The Trump administration will reportedly try yet again to add a question about respondents' legal status to the 2020 Census. The Supreme Court previously nixed the question because the rationale articulated by Commerce Secretary Wilbur Ross, who oversees that decennial head count, was clearly false. The judicial branch has the right to review administrative-agency rulings under the Administrative Procedure Act and, as Jacob Sullum has written, if Ross had been less full of beans, the Court would have likely signed off on the question since the secretary "has broad discretion to determine census questions."

Ross claimed several times in congressional testimony that he included the question after the Department of Justice prodded him to do so. Internal communications prove it was in fact Ross initiated its inclusion. Furthermore, he claimed that adding a question about legal status would lead to "more effective enforcement" of the Voting Rights Act, a law held mostly in contempt by the Republicans pushing the legal-status question. Indeed, it seems unquestionable that the goal of adding the question is to suppress participation by non-citizens even though, as Matt Welch has pointed out, the main function of the Census has been to figure out how to reapportion House seats. "According to both the Constitution and all active Supreme Court precedent on the issue," Welch writes, "House reapportionment is based on the number of residents, not number of legal residents or eligible voters."

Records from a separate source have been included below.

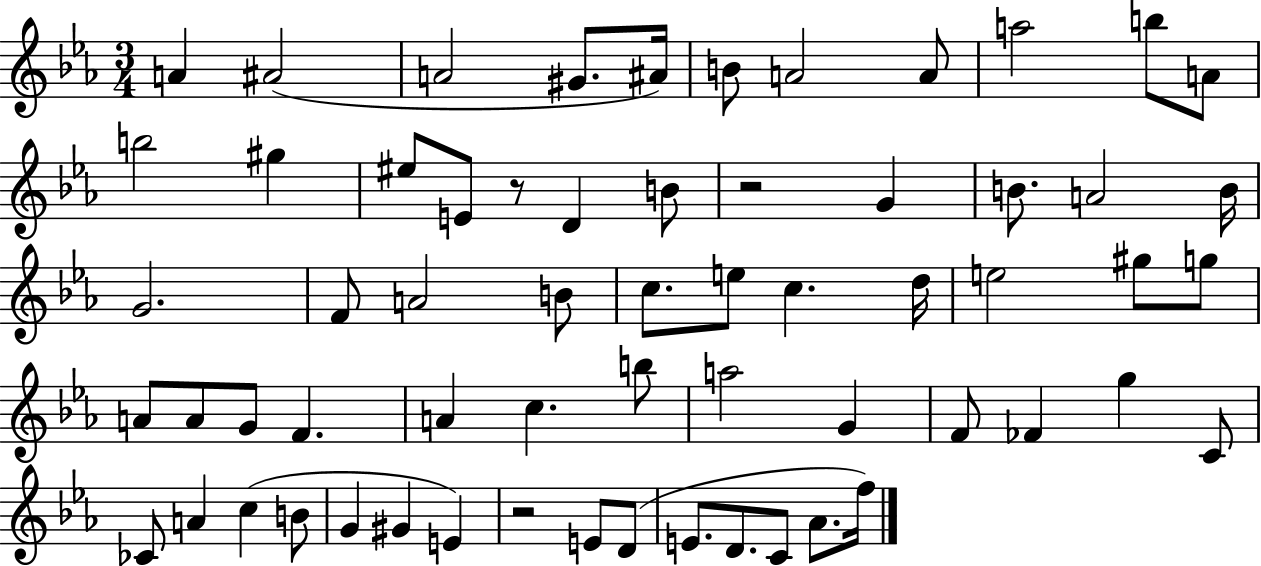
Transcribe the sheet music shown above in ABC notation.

X:1
T:Untitled
M:3/4
L:1/4
K:Eb
A ^A2 A2 ^G/2 ^A/4 B/2 A2 A/2 a2 b/2 A/2 b2 ^g ^e/2 E/2 z/2 D B/2 z2 G B/2 A2 B/4 G2 F/2 A2 B/2 c/2 e/2 c d/4 e2 ^g/2 g/2 A/2 A/2 G/2 F A c b/2 a2 G F/2 _F g C/2 _C/2 A c B/2 G ^G E z2 E/2 D/2 E/2 D/2 C/2 _A/2 f/4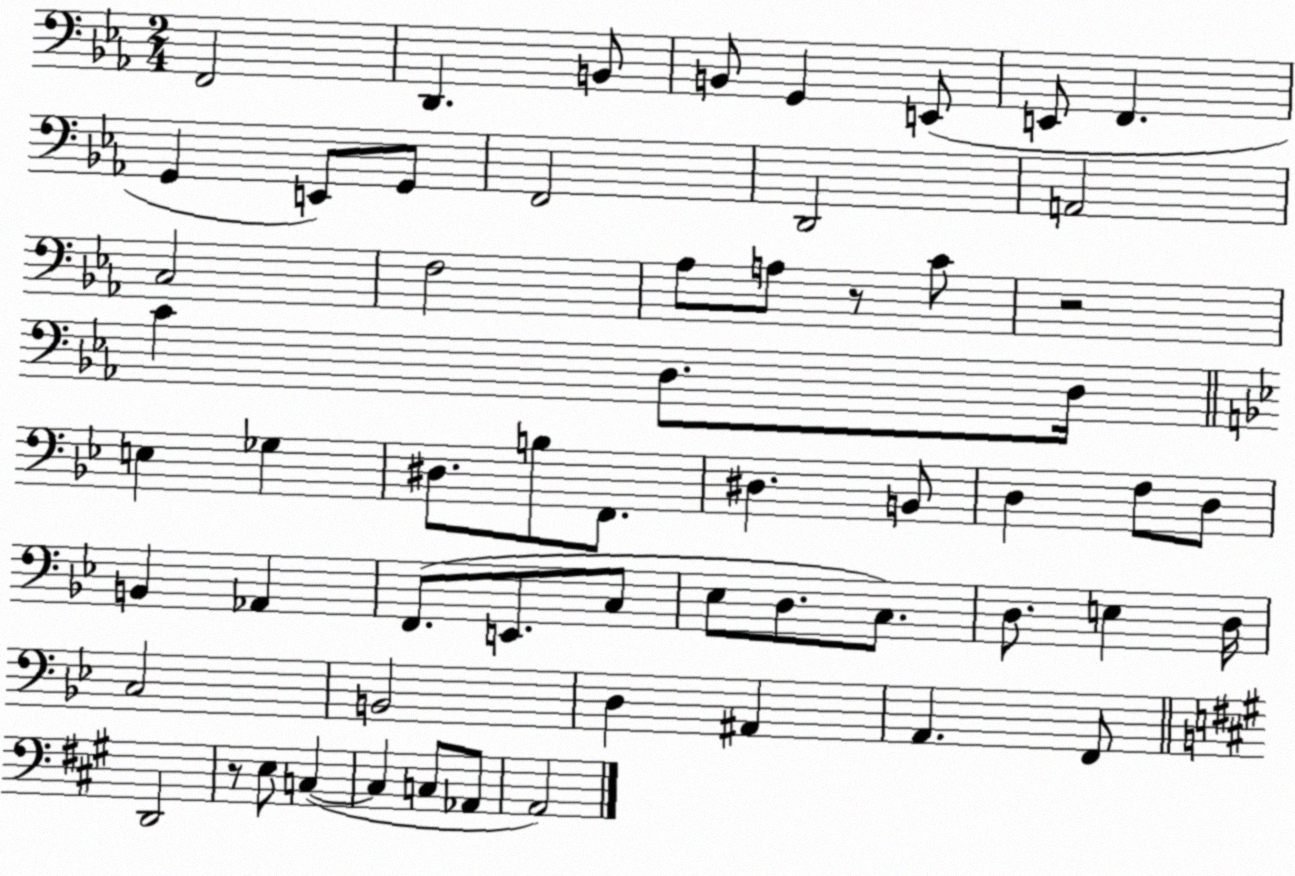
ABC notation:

X:1
T:Untitled
M:2/4
L:1/4
K:Eb
F,,2 D,, B,,/2 B,,/2 G,, E,,/2 E,,/2 F,, G,, E,,/2 G,,/2 F,,2 D,,2 A,,2 C,2 F,2 _A,/2 A,/2 z/2 C/2 z2 C D,/2 D,/4 E, _G, ^D,/2 B,/2 F,,/2 ^D, B,,/2 D, F,/2 D,/2 B,, _A,, F,,/2 E,,/2 C,/2 _E,/2 D,/2 C,/2 D,/2 E, D,/4 C,2 B,,2 D, ^A,, A,, F,,/2 D,,2 z/2 E,/2 C, C, C,/2 _A,,/2 A,,2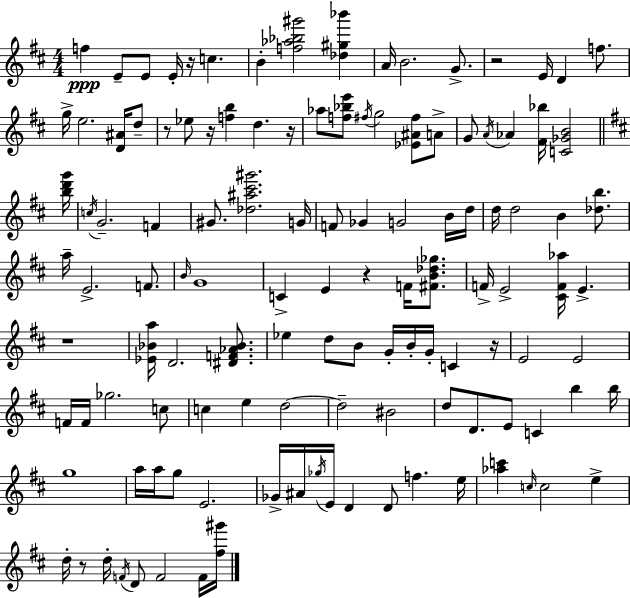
F5/q E4/e E4/e E4/s R/s C5/q. B4/q [F5,Ab5,Bb5,G#6]/h [Db5,G#5,Bb6]/q A4/s B4/h. G4/e. R/h E4/s D4/q F5/e. G5/s E5/h. [D4,A#4]/s D5/e R/e Eb5/e R/s [F5,B5]/q D5/q. R/s Ab5/e [F5,Bb5,E6]/e F#5/s G5/h [Eb4,A#4,F#5]/e A4/e G4/e A4/s Ab4/q [F#4,Bb5]/s [C4,Gb4,B4]/h [B5,D6,G6]/s C5/s G4/h. F4/q G#4/e. [Db5,A#5,C#6,G#6]/h. G4/s F4/e Gb4/q G4/h B4/s D5/s D5/s D5/h B4/q [Db5,B5]/e. A5/s E4/h. F4/e. B4/s G4/w C4/q E4/q R/q F4/s [F#4,B4,Db5,Gb5]/e. F4/s E4/h [C#4,F4,Ab5]/s E4/q. R/w [Eb4,Bb4,A5]/s D4/h. [D#4,F4,Ab4,Bb4]/e. Eb5/q D5/e B4/e G4/s B4/s G4/s C4/q R/s E4/h E4/h F4/s F4/s Gb5/h. C5/e C5/q E5/q D5/h D5/h BIS4/h D5/e D4/e. E4/e C4/q B5/q B5/s G5/w A5/s A5/s G5/e E4/h. Gb4/s A#4/s Gb5/s E4/s D4/q D4/e F5/q. E5/s [Ab5,C6]/q C5/s C5/h E5/q D5/s R/e D5/s F4/s D4/e F4/h F4/s [F#5,G#6]/s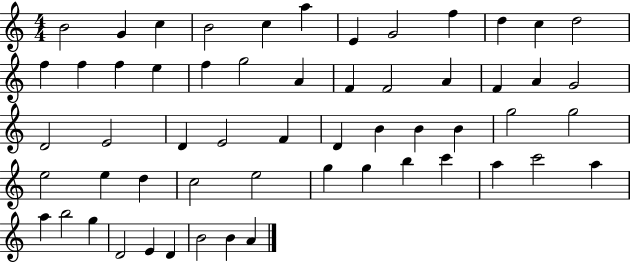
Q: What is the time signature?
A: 4/4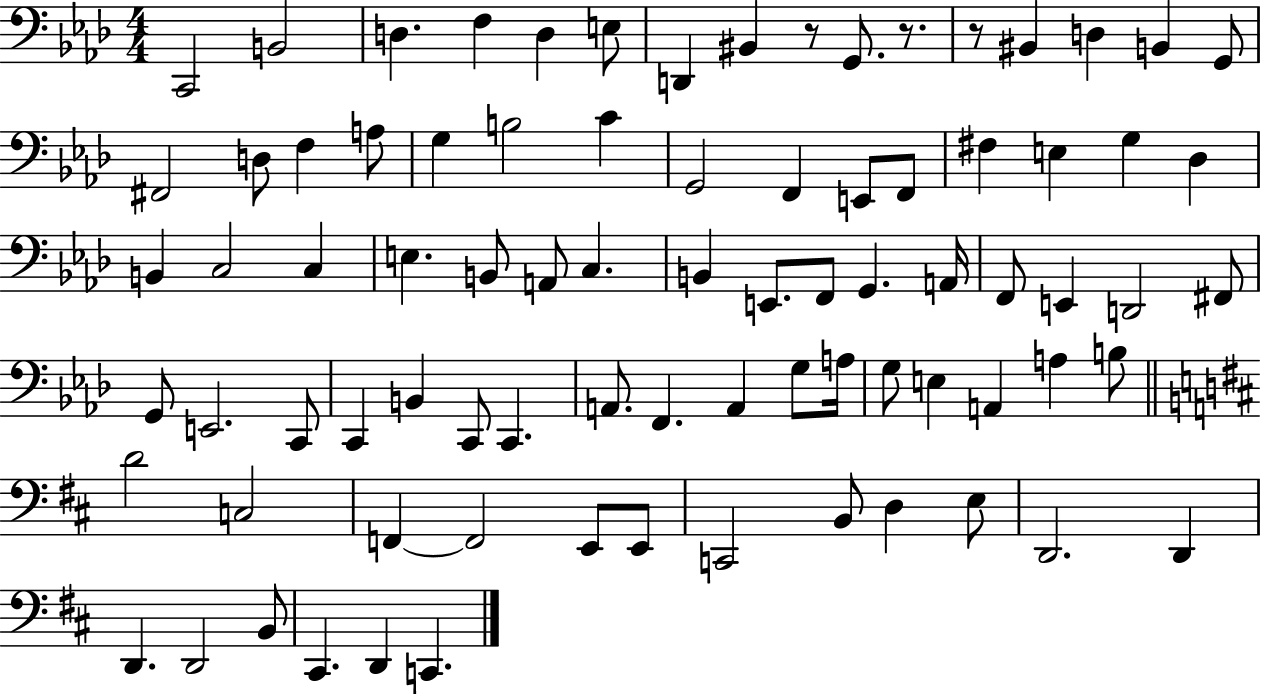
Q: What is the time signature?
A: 4/4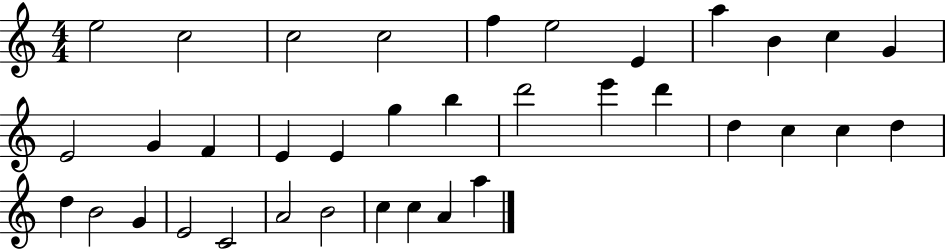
{
  \clef treble
  \numericTimeSignature
  \time 4/4
  \key c \major
  e''2 c''2 | c''2 c''2 | f''4 e''2 e'4 | a''4 b'4 c''4 g'4 | \break e'2 g'4 f'4 | e'4 e'4 g''4 b''4 | d'''2 e'''4 d'''4 | d''4 c''4 c''4 d''4 | \break d''4 b'2 g'4 | e'2 c'2 | a'2 b'2 | c''4 c''4 a'4 a''4 | \break \bar "|."
}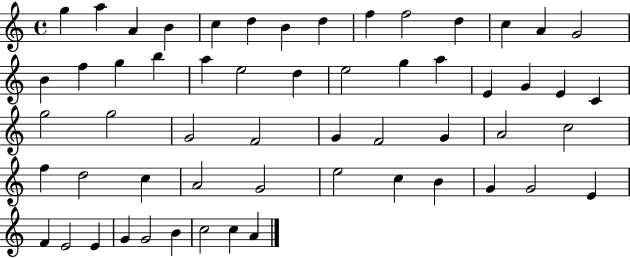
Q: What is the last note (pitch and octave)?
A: A4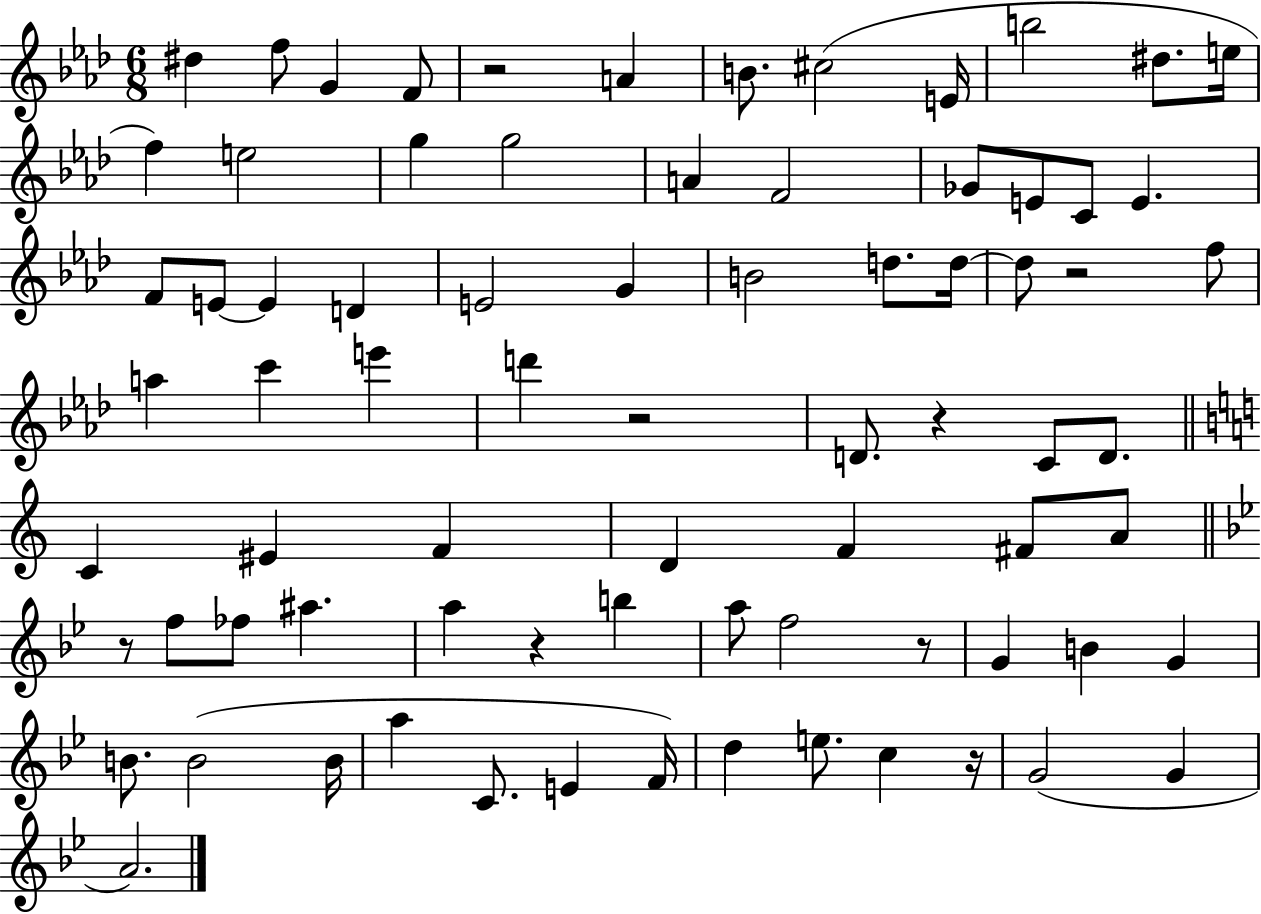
D#5/q F5/e G4/q F4/e R/h A4/q B4/e. C#5/h E4/s B5/h D#5/e. E5/s F5/q E5/h G5/q G5/h A4/q F4/h Gb4/e E4/e C4/e E4/q. F4/e E4/e E4/q D4/q E4/h G4/q B4/h D5/e. D5/s D5/e R/h F5/e A5/q C6/q E6/q D6/q R/h D4/e. R/q C4/e D4/e. C4/q EIS4/q F4/q D4/q F4/q F#4/e A4/e R/e F5/e FES5/e A#5/q. A5/q R/q B5/q A5/e F5/h R/e G4/q B4/q G4/q B4/e. B4/h B4/s A5/q C4/e. E4/q F4/s D5/q E5/e. C5/q R/s G4/h G4/q A4/h.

That basic reality frightens Republicans such as Ford O'Connell, who served as director of rural outreach for John McCain in the 2008 presidential election. The headline to a recent O'Connell screed says, "If you don't think illegal immigrants are voting for president, think again." The actual article admits to something different:

No, illegal immigrants aren't allowed to directly vote for the commander-in-chief yet, but in vast numbers they can dramatically alter the Electoral College to favor Democrats for at least a decade because a state's electoral votes are based on the number of people residing within that state, not the number of citizens present when the Decennial Census is taken.

If that's the big fear, Republicans should take a couple of deep breaths. The number of illegal immigrants has been declining, and it is at its lowest point in about a dozen years. According to

Pew Research, "In 2017, an estimated 10.5 million unauthorized immigrants lived in the United States, down from a peak of 12.2 million in 2007." Other data from Pew document that about 60 percent of undocumented immigrants live in one of 20 major metro areas, almost all of which have seen sharp declines in the illegal population's numbers:

These trends are unlikely to be affected by recent upsurges in migrants showing up at the border between Mexico and the United States, as the numbers aren't big enough to alter the national picture. However the legal drama plays out over the next few weeks, the number of people here illegally seems likely to keep declining.